The different types of stone had separate grinding processes and the final products were put to different uses by customers:
Flint and china stone
- Due to its hard consistency, flint was first baked in calcining kilns for 1.5 days to make it more brittle for crushing.
- Flint and china stone were crushed separately by huge granite boulders in a grinding pan with water. This took about 10 hours, by which point the stone had the consistency of heavy cream.
- This dense, creamy substance – the slurry – was then stirred with more water in a wash tub to remove impurities such as pieces of kiln wood and unground material. This process gave the slurry an almost silky texture.
- The slurry was then transported into a storage ark (like a huge tank) where it settled and excess water could be drained off using wooden ‘plugs’ in the ark’s side.
- It was then sent to potteries where it was used to make glaze – the shiny surface on ceramics. Local potteries such as those at Castleford and Ferrybridge received it in barrels brought by horse and cart. For potteries further afield, however, the slurry was pumped directly from a huge underground container into specially modified barges.
- Large lumps of chalk were first broken down into smaller, egg-sized pieces by a jaw crusher.
- They were then fed into a water-filled edge runner, known as the Tommy Mill, to be crushed into slurry.
- The tiny chalk pieces then passed into a water levigation system where they were separated into three grades using buoyancy. The bigger, heavier pieces sank to the bottom of the first pit, while the smaller pieces floated on into the next one, and so on, leaving the finest chalk in the final pit with the consistency of soft butter.
- The chalk slurry was then carried via launder into the drying sheds, where heat slowly turned it into powder. Each shed had four furnaces which heated flues running under the firebrick floor. The slurry was poured over until it was 5-6 inches deep and then left for 2 days. (The finest grade of chalk from the last levigation pit, known as Paris White, was instead air-dried in the form of ‘cakes’ on racks in the mill attic.)
- The chalk powder or ‘whiting’ was then bagged and sent off to be used in all sorts of products, from paint to toothpaste and other pharmaceutical items. Records even show that a monthly consignment was sent to Wakefield Prison to go into inmates’ bread!
In 1923, just over fifty years after their arrival, the Horns began producing putty as a way of using up surplus whiting.

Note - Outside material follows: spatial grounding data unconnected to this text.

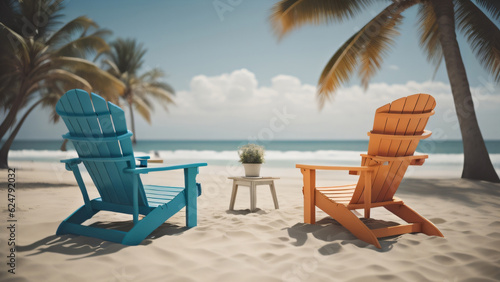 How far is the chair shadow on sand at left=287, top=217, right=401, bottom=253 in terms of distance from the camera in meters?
2.32

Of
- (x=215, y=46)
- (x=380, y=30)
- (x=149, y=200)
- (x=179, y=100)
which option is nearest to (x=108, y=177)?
(x=149, y=200)

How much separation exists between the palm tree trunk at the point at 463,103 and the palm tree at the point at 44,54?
8100 mm

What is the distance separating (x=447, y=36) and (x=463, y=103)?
1.52 meters

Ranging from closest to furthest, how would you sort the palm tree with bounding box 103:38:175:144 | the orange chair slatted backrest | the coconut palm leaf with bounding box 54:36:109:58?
1. the orange chair slatted backrest
2. the coconut palm leaf with bounding box 54:36:109:58
3. the palm tree with bounding box 103:38:175:144

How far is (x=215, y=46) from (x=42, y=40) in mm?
24665

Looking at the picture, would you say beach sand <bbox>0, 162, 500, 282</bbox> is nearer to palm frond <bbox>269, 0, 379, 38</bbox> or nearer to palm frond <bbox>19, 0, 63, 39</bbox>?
palm frond <bbox>269, 0, 379, 38</bbox>

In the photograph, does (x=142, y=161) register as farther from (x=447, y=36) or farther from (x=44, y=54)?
(x=44, y=54)

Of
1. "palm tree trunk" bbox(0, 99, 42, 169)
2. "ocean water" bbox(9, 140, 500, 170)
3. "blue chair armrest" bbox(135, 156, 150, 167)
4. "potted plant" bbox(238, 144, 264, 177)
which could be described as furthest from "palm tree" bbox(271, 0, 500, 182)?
"palm tree trunk" bbox(0, 99, 42, 169)

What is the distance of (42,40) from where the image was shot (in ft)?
27.8

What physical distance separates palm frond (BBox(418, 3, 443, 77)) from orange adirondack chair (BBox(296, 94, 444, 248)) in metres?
6.51

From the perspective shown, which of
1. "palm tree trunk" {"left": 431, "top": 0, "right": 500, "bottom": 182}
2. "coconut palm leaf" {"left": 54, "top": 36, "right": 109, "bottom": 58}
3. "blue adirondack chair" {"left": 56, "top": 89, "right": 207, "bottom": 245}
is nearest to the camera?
"blue adirondack chair" {"left": 56, "top": 89, "right": 207, "bottom": 245}

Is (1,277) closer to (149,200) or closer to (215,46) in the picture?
(149,200)

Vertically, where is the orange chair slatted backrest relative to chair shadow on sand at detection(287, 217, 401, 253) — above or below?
above

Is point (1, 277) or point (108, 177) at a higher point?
point (108, 177) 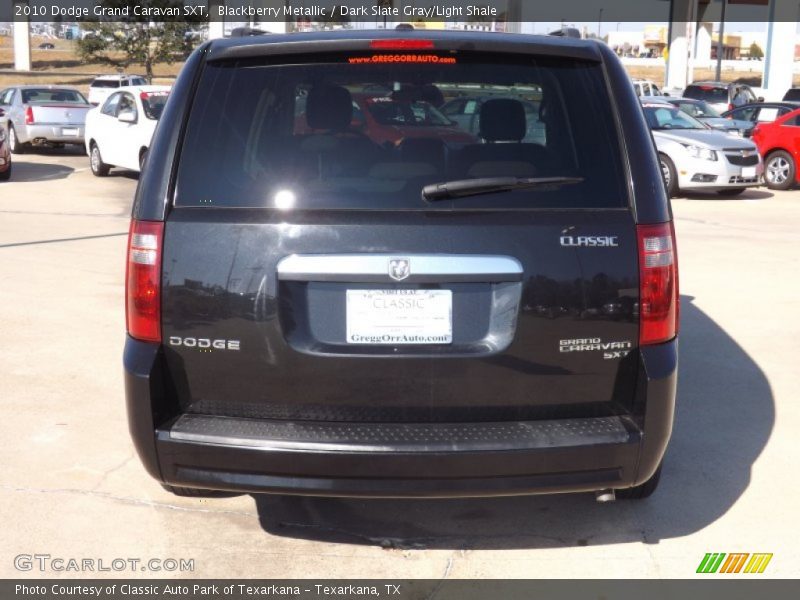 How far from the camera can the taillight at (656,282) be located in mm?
3488

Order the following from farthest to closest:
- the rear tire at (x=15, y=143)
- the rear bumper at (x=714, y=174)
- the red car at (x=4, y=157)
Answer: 1. the rear tire at (x=15, y=143)
2. the red car at (x=4, y=157)
3. the rear bumper at (x=714, y=174)

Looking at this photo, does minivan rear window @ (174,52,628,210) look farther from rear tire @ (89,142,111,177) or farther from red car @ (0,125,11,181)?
rear tire @ (89,142,111,177)

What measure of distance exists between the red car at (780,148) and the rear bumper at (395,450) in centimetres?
1622

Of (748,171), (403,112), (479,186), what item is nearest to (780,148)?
(748,171)

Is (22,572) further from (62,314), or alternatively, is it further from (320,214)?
(62,314)

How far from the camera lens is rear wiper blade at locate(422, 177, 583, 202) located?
345 centimetres

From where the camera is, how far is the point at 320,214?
3.44 meters

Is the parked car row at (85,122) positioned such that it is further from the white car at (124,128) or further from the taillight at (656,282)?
the taillight at (656,282)

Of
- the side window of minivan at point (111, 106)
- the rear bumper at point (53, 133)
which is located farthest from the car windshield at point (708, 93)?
the side window of minivan at point (111, 106)

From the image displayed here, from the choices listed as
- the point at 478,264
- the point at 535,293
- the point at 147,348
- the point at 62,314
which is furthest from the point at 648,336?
the point at 62,314

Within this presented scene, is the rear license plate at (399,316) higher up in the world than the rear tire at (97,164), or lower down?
higher up

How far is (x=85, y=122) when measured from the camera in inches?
820

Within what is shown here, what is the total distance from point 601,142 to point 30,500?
2.96m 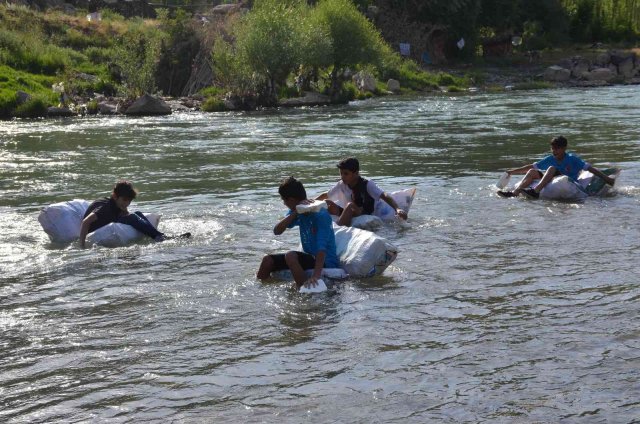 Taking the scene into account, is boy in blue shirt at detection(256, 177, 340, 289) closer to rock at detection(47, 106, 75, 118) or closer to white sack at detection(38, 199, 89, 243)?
white sack at detection(38, 199, 89, 243)

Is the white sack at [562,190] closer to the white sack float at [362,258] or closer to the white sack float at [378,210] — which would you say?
the white sack float at [378,210]

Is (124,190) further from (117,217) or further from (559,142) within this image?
(559,142)

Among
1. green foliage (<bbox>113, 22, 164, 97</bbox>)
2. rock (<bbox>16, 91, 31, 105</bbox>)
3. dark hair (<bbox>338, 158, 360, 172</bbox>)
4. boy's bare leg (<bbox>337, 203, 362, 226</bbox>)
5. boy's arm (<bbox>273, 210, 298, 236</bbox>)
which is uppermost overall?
green foliage (<bbox>113, 22, 164, 97</bbox>)

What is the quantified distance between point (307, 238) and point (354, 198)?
9.96ft

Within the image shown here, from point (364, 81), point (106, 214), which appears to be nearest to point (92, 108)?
point (364, 81)

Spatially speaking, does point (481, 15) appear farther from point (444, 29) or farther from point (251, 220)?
point (251, 220)

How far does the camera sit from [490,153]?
21750 millimetres

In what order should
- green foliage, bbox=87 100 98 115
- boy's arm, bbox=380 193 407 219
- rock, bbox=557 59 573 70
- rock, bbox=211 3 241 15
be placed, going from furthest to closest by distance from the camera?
rock, bbox=557 59 573 70
rock, bbox=211 3 241 15
green foliage, bbox=87 100 98 115
boy's arm, bbox=380 193 407 219

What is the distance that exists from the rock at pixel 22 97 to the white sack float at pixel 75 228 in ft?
79.7

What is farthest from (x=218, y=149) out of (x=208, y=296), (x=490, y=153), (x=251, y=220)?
(x=208, y=296)

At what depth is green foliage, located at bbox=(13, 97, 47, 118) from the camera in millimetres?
34469

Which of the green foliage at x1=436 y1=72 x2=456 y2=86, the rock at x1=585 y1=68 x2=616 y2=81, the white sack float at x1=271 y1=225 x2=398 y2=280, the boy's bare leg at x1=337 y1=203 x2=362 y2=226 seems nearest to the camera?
the white sack float at x1=271 y1=225 x2=398 y2=280

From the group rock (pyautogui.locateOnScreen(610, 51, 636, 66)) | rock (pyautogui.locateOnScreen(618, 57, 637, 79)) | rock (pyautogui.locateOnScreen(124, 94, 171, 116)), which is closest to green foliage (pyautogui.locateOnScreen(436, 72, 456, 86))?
rock (pyautogui.locateOnScreen(618, 57, 637, 79))

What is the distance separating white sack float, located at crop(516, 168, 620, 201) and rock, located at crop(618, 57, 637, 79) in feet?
140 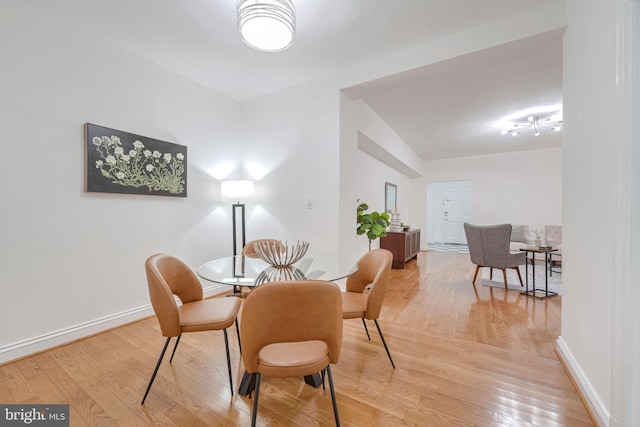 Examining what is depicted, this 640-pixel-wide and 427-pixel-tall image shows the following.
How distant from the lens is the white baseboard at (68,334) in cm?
A: 188

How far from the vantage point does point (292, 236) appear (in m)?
3.29

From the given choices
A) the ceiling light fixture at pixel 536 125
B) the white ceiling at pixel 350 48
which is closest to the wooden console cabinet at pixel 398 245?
the white ceiling at pixel 350 48

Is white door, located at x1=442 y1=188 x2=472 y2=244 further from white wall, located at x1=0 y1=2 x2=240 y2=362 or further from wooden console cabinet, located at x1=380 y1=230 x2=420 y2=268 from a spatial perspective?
white wall, located at x1=0 y1=2 x2=240 y2=362

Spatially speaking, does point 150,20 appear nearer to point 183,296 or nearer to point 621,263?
point 183,296

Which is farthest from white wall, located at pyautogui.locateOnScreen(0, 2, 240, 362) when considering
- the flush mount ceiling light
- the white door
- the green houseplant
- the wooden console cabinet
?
the white door

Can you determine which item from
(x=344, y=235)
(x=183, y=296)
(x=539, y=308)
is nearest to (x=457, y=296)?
(x=539, y=308)

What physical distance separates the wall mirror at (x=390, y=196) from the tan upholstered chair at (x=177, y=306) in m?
4.66

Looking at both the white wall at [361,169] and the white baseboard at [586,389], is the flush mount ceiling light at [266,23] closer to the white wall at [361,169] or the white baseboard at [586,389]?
the white wall at [361,169]

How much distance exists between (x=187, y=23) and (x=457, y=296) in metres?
4.13

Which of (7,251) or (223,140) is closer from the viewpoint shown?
(7,251)

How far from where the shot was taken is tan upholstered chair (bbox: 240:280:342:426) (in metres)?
1.10

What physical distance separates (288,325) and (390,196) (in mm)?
5459

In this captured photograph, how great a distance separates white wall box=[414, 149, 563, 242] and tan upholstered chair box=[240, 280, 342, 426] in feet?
23.5

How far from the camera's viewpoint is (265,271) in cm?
181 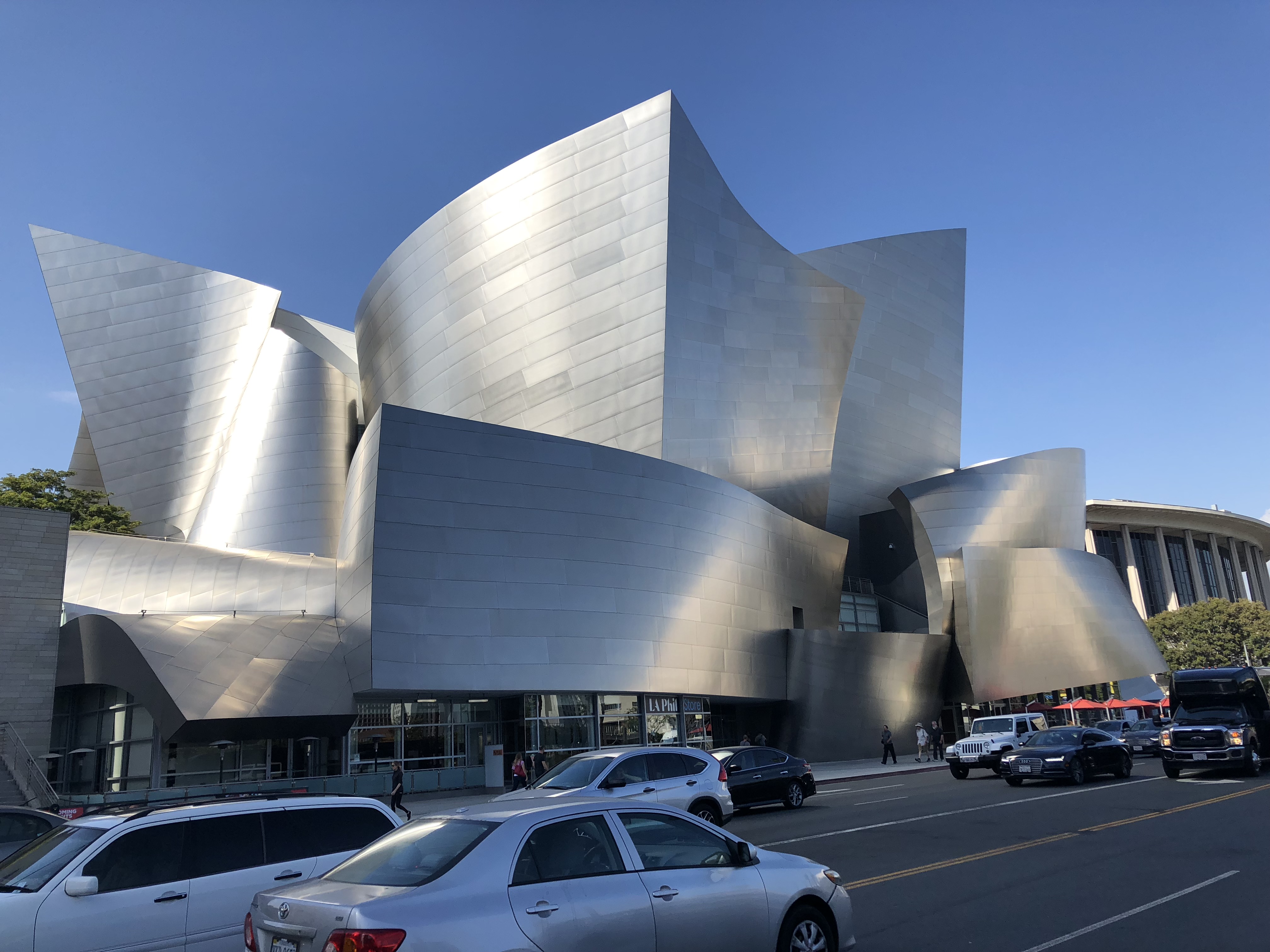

Before the invention of modern day sealants, putty was essential for glazing windows.
The surplus whiting was mixed with linseed oil from Canada at a ratio of one part oil to seven parts whiting. What started as a way of reducing waste material soon became the Horns’ most successful venture, and putty became their only output by the 1960s. (The collapse of the Aire Valley pottery industry during the First World War had brought an end to crushing flint and china stone.)
Their success was in part due to the installation of a Raymond Mill in 1931, which increased output and efficiency. Originally built to pulverise coal, this machine speeded up the grinding process and replaced the water levigation system by enabling chalk to be ground dry at pre-set grades.
The system inside the Raymond Mill required almost all moisture to be removed from the chalk first, so before entering the machine the small pieces were dried thoroughly in a rotary dryer.
A Marshall Diesel Engine was brought in to power the Raymond Mill, as the wheels weren’t strong enough (although they were still used for mixing the chalk and linseed oil). The Horns were innovative in using a coal pulveriser in this manner and other mills began to follow suit in wake of their success.
Jaw Crusher - a machine for crushing rock between two heavy metal jaws.
Edge Runner - a machine for grinding pieces of rock by the rotation of grindstones around a pan.
Levigation - the process of separating fine particles from coarser ones by suspending them in a liquid.
Launder - a trough or gutter for conveying liquid.